At hundreds of convenience stores and retail outlets in Iowa, the drug trade has been and continues to be legal and in full force. Lowly paid wage workers ply a trade in tobacco, a deadly product that continues to be widely used. Where the author lives, workers queue up at the counter before their shift begins, selecting their preferred brand of cigarettes, snuff, snus, cigars or chewing tobacco. The clerk asks, “will one pack be enough?” Tobacco is the only legal consumer product that kills when used as intended. Tobacco use is the leading preventable cause of death worldwide, accounting for 6 million preventable deaths annually, and is a major contributor to the global pandemic of non-communicable diseases.
This may seem like old news, but the tobacco industry is still at work, caught up in the secretive trade talks going on this week in Brunei. While many of us are finishing up summer work to take vacation, and students are returning to campus, U.S. corporations are attempting to gain unfettered access to markets in 12 countries as part of the Trans Pacific Trade Partnership (TPTP). Tobacco trade is just one of the issues. (Read the Sierra Club memo on environmental issues here).
The tobacco trade issue reduces to a key point, according to Dr. John Rachow of Iowa Physicians for Social Responsibility, “this is a critically threatening attempt to restore unlimited international trafficking of tobacco, the greatest completely preventable cause of human death on the planet.”
U.S. Trade Representative Michael Froman released a statement in which he wrote, “this proposal will, for the first time in a trade agreement, address specifically the public health issues surrounding tobacco– preserving the ability of the United States and other TPP countries to regulate tobacco and to apply appropriate public health measures, and bringing health and trade officials together if tobacco-related issues arise– while remaining consistent with our trade policy objectives of negotiating a comprehensive agreement that does not create a precedent for excluding agricultural products.” Including reference to tobacco products in a trade agreement is the opposite of what public health officials want.

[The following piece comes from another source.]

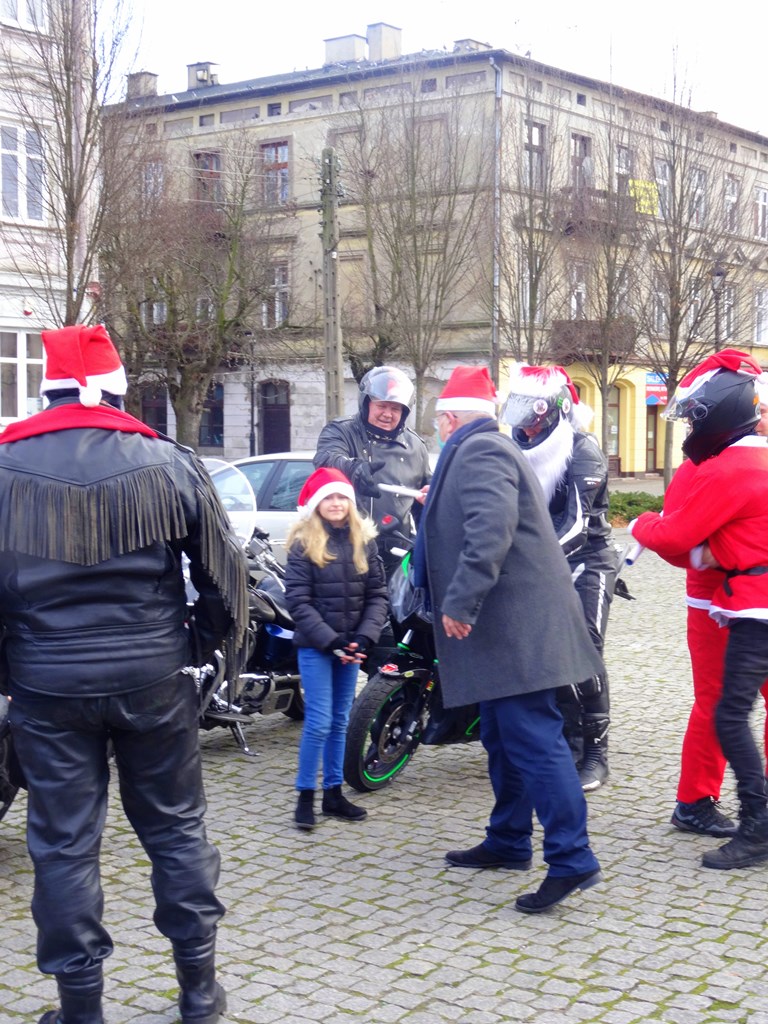 Burmistrz Łęczycy rozdawał mieszkańcom kalendarze.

The Center for Policy Analysis on Trade and Health wrote, “the medical, health care, and public health community has consistently supported removing tobacco, tobacco products, and tobacco control measures from trade agreements as the most effective solution (to enabling participating countries to exercise their sovereignty to reduce tobacco use and prevent the harm it causes to public health).”
The tobacco industry likes adding the language because by giving tobacco products special treatment, it creates loopholes that could easily be exploited to circumvent restrictions on tobacco products in participating countries. By offering language on tobacco in the TPTP, the Obama administration is capitulating on public health to get a deal done that favors the tobacco industry.